A large urban area and many exciting districts - the question of how to get from A to B in Berlin is particularly interesting.
In addition to the S-Bahn, the transport in Berlin is operated by the BVG, whose underground trains, buses, trams and ferries take you to the most remote corners of the city day and night. Tickets are available for zones A, B and C: zone A corresponds to Berlin’s inner city, B to the outer city districts and C to the greater Berlin area. Visitors can take advantage of a CityTourCard or WelcomeCard, which also include a discount or free admission to many Berlin attractions.
To move around on foot in Berlin’s large urban area may not be the best idea, but cyclists can certainly enjoy the city! More and more bicycle lanes on the streets, many beautiful bicycle routes along green areas and the rivers and the city of Berlin itself are worth the pedaling.
Extra tip: You want to take a bus tour to Berlin's most important sights, but you only want to pay the local transport fare, you should remember the number 100 - this line runs (as a double-decker and therefore with a great view) along most of the attractions of the city center!
If you want to see more of the city than Brandenburg Gate and Potsdamer Platz, consider renting a car. Usually, there aren't too many traffic jams, but looking for a parking space can be exhausting. Due to the long distances in Berlin, taking a taxi more than once in a while can become expensive!

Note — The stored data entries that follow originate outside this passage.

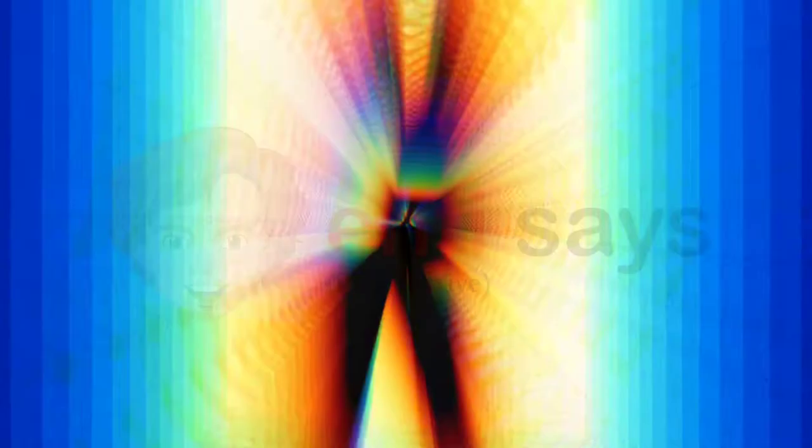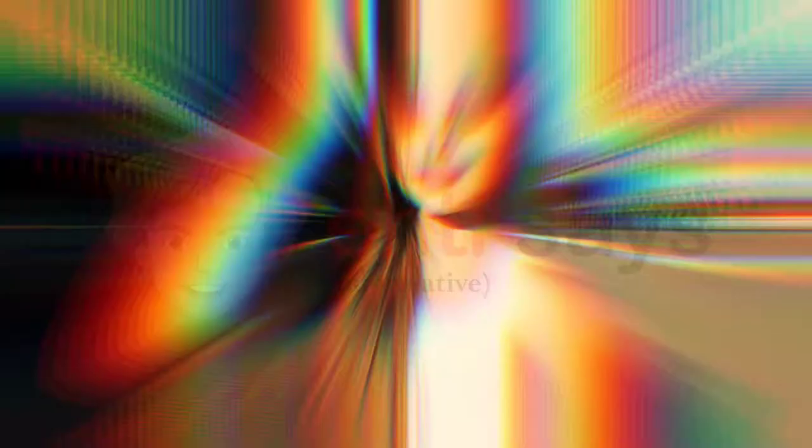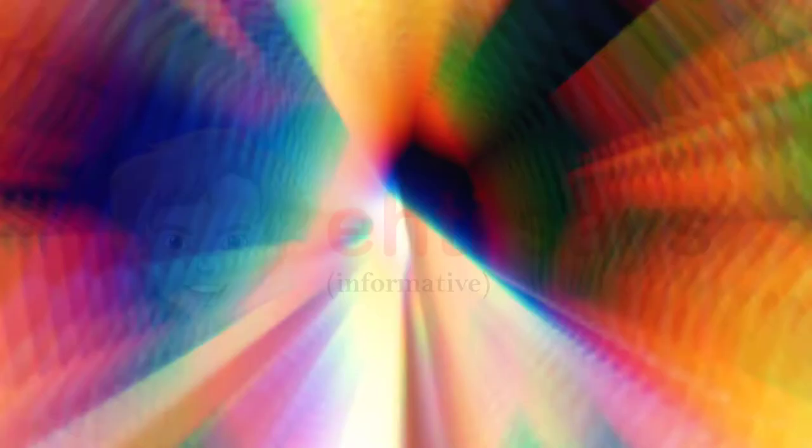Zodiac sign is Leo. Height is 5 feet and 4 inches, weight is 50 kilograms. Her body type is banana, her eye color is black, hair color is blonde.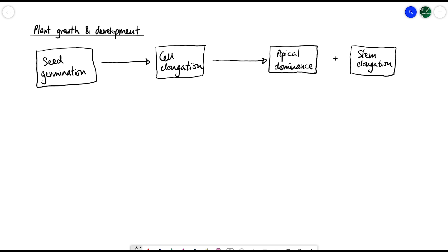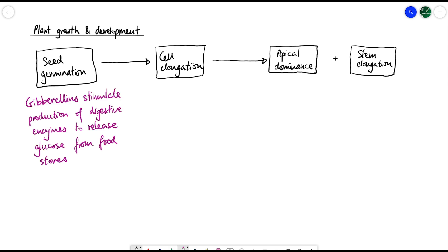In each of these stages we'll look at exactly which hormone is involved and how it facilitates that particular stage. We'll also look in a bit more detail at how cell elongation specifically happens. So first of all, let's start with seed germination. In seed germination, gibberellins are the key plant hormones involved in this particular stage.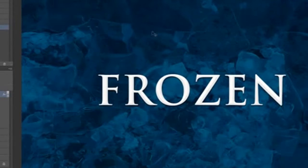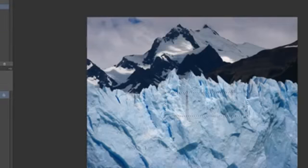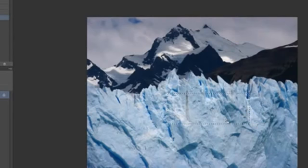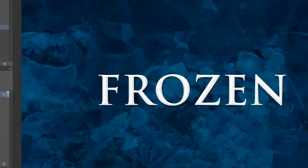Let's just add the frozen textures over the text. Just go into this snowy stock image here. I'm going to use the Rectangular Marquee Tool and just select a piece of texture here. Copy that — that will be the first selection. Then go back to our document and just paste that texture over the document.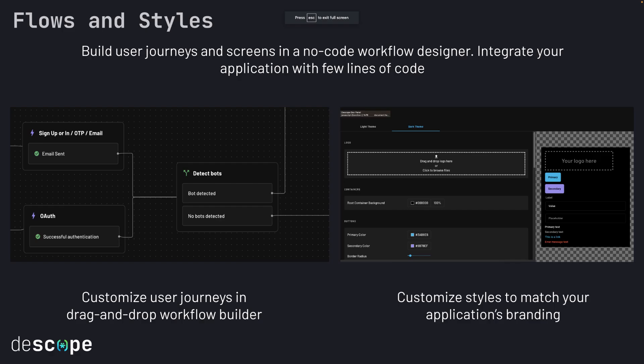With flows and styles, you can integrate and build user journeys and screens within minutes.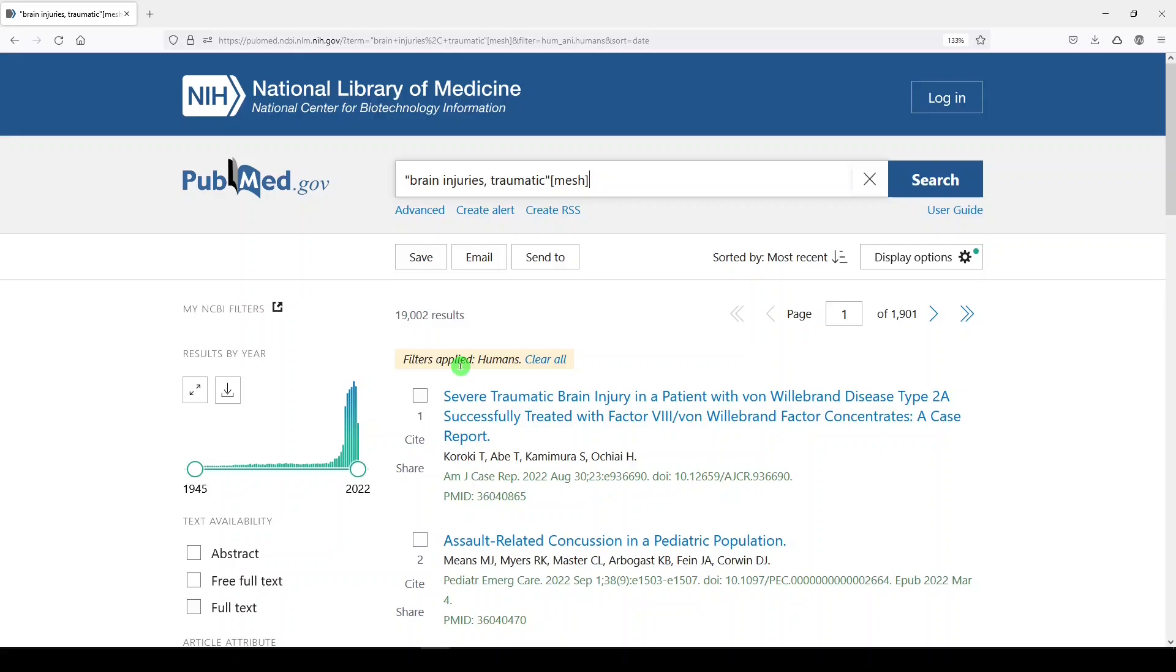Remember that PubMed has Medline, which is indexed with medical subject headings, PMC, which is not, and then some in-process records in the NCBI bookshelf, and some potentially other records deposited to meet public access policies, which may never be indexed with medical subject headings.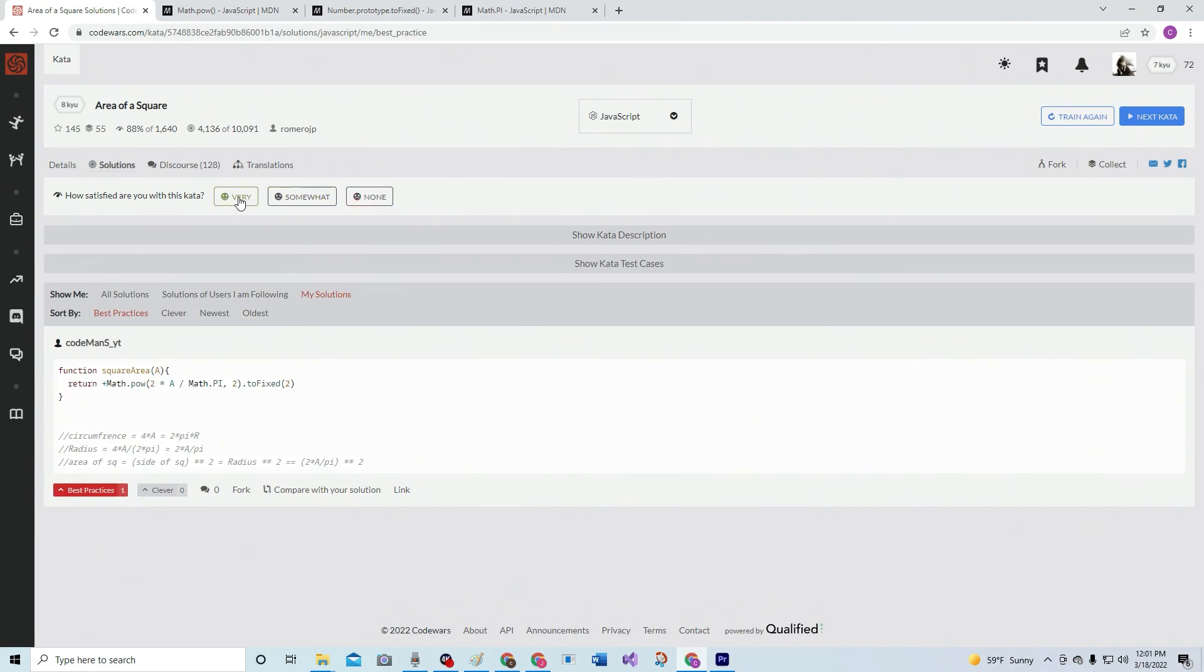Let's see my solutions - I'm the only guy, best practice of course. I'm satisfied, made me think. Okay Romero JP, thanks for the kata, and we'll see y'all next time.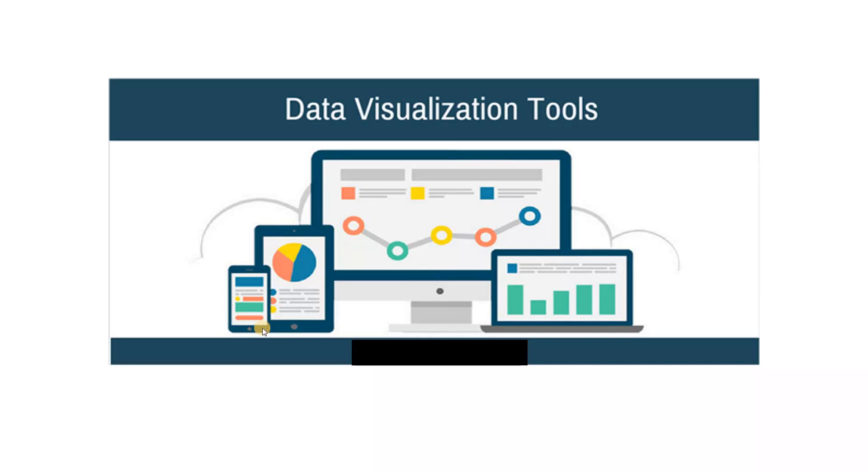Hello everyone, so in today's session we are going to learn some data visualization tools.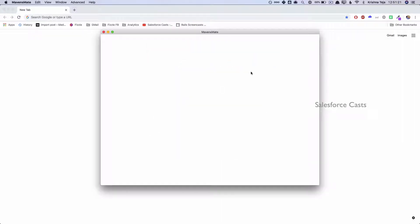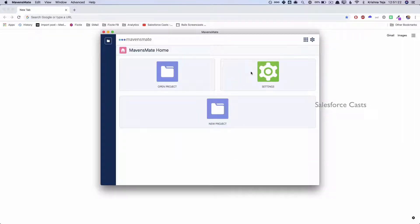This is how it looks like. Let me go ahead and click on New Project. The very first thing that I need to do is I need to fetch the code from the org which is basically the source org.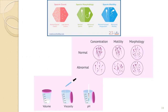In semen analysis, under physical examination we consider volume, liquefaction time, viscosity, fructose content, and pH of the semen. Under microscopic examination, we assess motility of spermatozoa, total spermatozoa in ejaculation, spermatozoa count, morphology of spermatozoa, number of WBCs, and immature spermatozoa.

How do I get to Berlin by train?
There are five different long-distance stations to choose from when travelling to the capital by train: Berlin Hauptbahnhof, Berlin Ostbahnhof, Berlin Gesundbrunnen, Berlin Südkreuz and Berlin Spandau. Berlin therefore is a central hub in Germany in terms of long-distance train connections: you can easily reach the capital from all major German cities as well as from neighbouring European cities.

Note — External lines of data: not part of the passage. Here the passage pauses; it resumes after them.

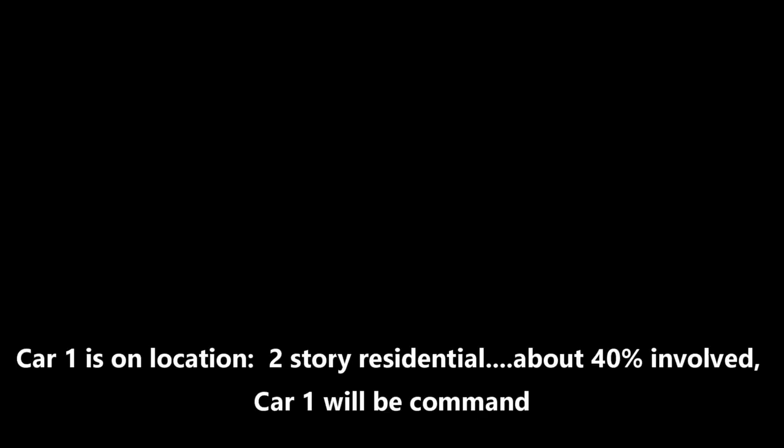Car one is on location, three-story residential, about 40% involved. Car one will be commanding. Two-story residential, 40% involved. Multiple exposures, two vehicles, one garage.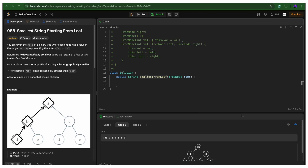Hi everyone, welcome back to Nuskrit. Let's solve today's coding challenge which is 'Smallest String Starting From Leaf'. Let's read the problem statement first. We are given a root of a binary tree where each node has a value in the range 0 to 25.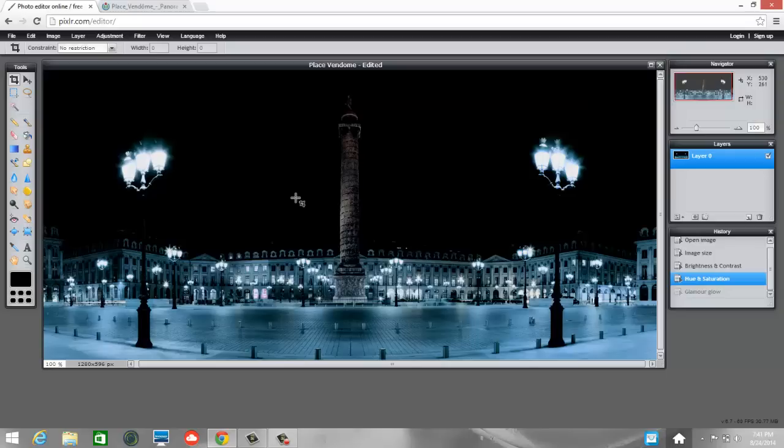And that is an introduction really quickly to Pixlr.com's editor. We are going to be using it a little bit more. So I just wanted you to start with this and then obviously you'll be able to play around with it a little bit more. Alright. Thanks for watching. Have fun.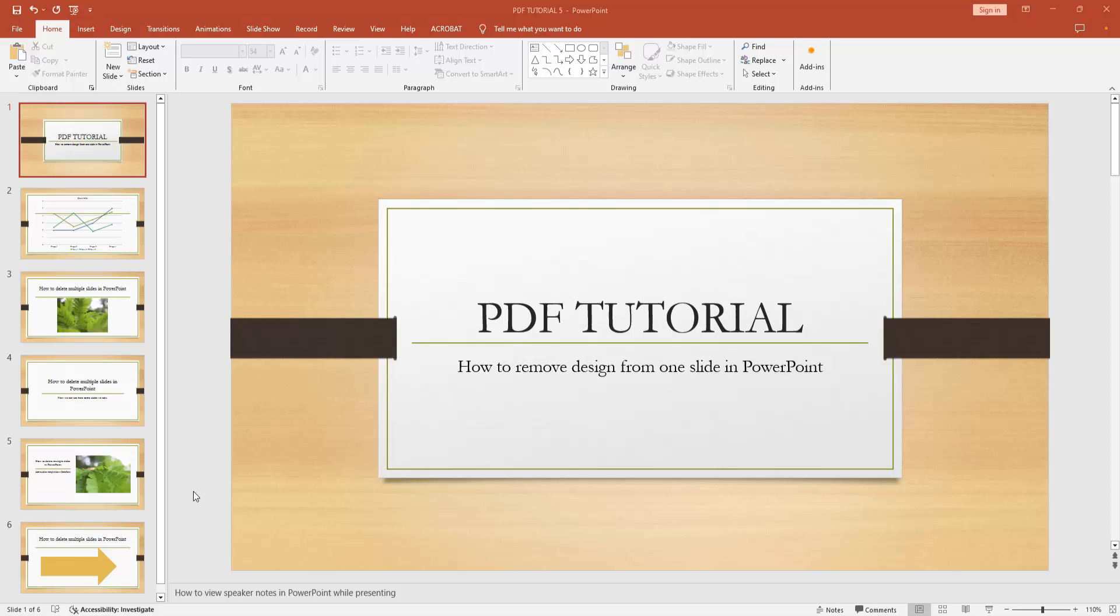Assalamualaikum, hello friends, how are you? Welcome back to another video. In this video, I am going to show you how to remove design from one slide in Microsoft PowerPoint. Let's get started.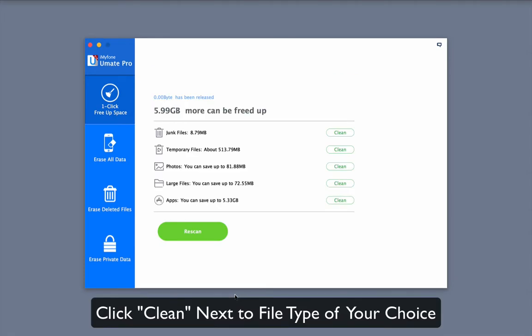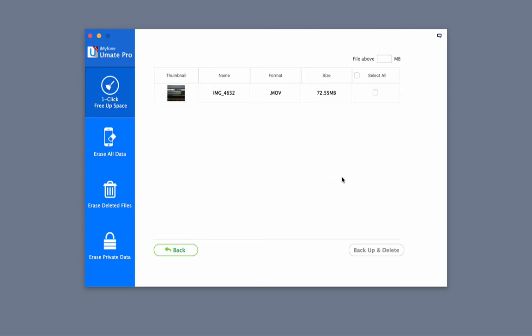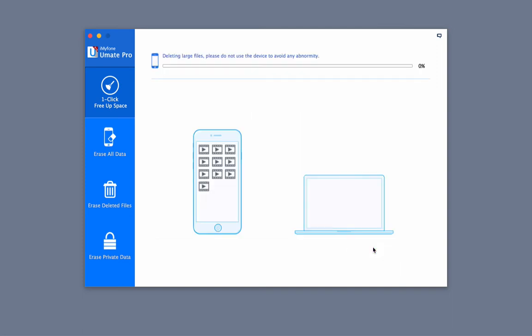Choose the file type according to your needs and click the clean button to start freeing up iPhone storage. For example, large files. Select the files you wish to delete, then click backup and delete.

How do I get to Berlin by bus?
There are several stops for long-distance buses in Berlin. The Central Bus Station, ZOB, is situated in Masurenallee near the Berlin Exhibition Grounds in the Westend district (Charlottenburg-Wilmersdorf). Other stations are located at Alexanderplatz in Alexanderstraße 3, at Hardenbergplatz at the station Zoologischer Garten as well as at Hildegard-Knef-Platz close to the train station Südkreuz. Furthermore, long-distance buses stop directly at Schönefeld Airport or in Karolinenstraße near the metro station Alt-Tegel. You can easily reach these places by S-Bahn and BVG, the public transport systems.

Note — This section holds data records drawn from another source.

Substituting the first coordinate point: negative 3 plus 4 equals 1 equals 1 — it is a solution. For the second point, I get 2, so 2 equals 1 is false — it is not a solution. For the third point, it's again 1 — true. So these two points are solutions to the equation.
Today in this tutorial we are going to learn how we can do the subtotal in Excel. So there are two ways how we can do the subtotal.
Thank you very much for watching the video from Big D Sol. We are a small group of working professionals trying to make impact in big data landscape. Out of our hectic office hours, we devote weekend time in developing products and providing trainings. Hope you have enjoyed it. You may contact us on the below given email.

How do I get to Berlin by plane?
Every year, more than 30 million passengers pass through Berlins’s major airports Schönefeld and Tegel. Flights to national as well as international destinations depart from both airports. Schoenefeld is more likely to be used by low-cost airlines. The best way to get from Tegel Airport to the city centre is by bus: the TXL Express Bus as well as the lines X9, 109 and 128 bring you quickly and reliably to your destination. After arriving at Schönefeld Airport, you can get to the centre of Berlin by suburban or regional train in about half an hour. If the Berlin Brandenburg Airport "Willy Brandt" (BER) should open, it will also be connected to the city centre by suburban and regional trains.
How do I get to the Berlin stadium?
The Berlin Olympic Stadium is worth visiting – not only when the Bundesliga matches of the Hertha BSC football team or other major sporting events take place. It is one of the most interesting historical areas in the capital too. We recommend the train station in Berlin-Spandau when travelling by train to the Bundesliga matches. From there, it takes only seven minutes to get directly to the stop Olympiastation with the S-Bahn line S5 (direction Hoppegarten). After a short walk you will arrive at the entrance. The journey from the centre of Berlin by S-Bahn (direction Spandau) takes 14 minutes from Zoologischer Garten, 22 minutes from Friedrichstraße station and 27 minutes from Alexanderplatz. The best connection to the Stadion An der Alten Försterei, home to the football club 1. FC Union Berlin, is the S3 in the direction of Erkner. Getting off at the station Köpenick, you’ll arrive at the stadium after a 15 minutes’ walk. Alternatively, you can get off at the station Schöneweide and take the tram lines 63 or 67, which will bring you to the stop "Alte Försterei".